**Problem statement:** Each line below must be set down exactly; omit any image you find.

**Dataset content:**

:::::

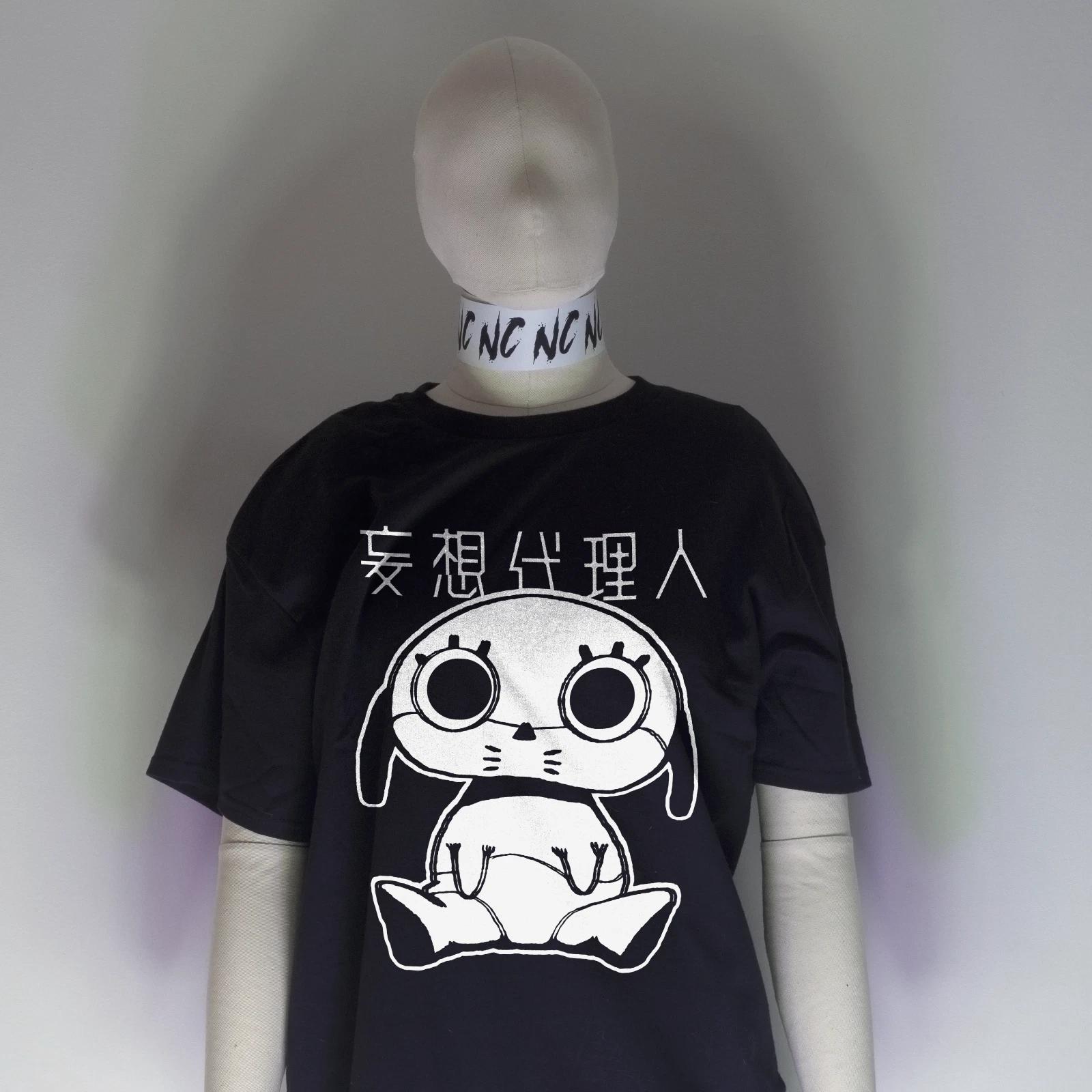Night Channels Paranoia Agen100% Cotton T-shirt Mens Tees Top | Oshii Robot Carnival Akira Satoshi Kon 2XL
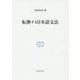 転換する日本語文法（研究叢書<508>） [全集叢書]
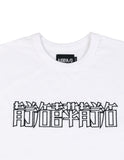 アジョバイアジョ（AJOBYAJO) CN Logo T-Shirt [White]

:::::

**Answer below:**
Night Channels Paranoia Agen100% Cotton T-shirt Mens Tees Top | Oshii Robot Carnival Akira Satoshi Kon 2XL
 転換する日本語文法（研究叢書<508>） [全集叢書]
 アジョバイアジョ（AJOBYAJO) CN Logo T-Shirt [White]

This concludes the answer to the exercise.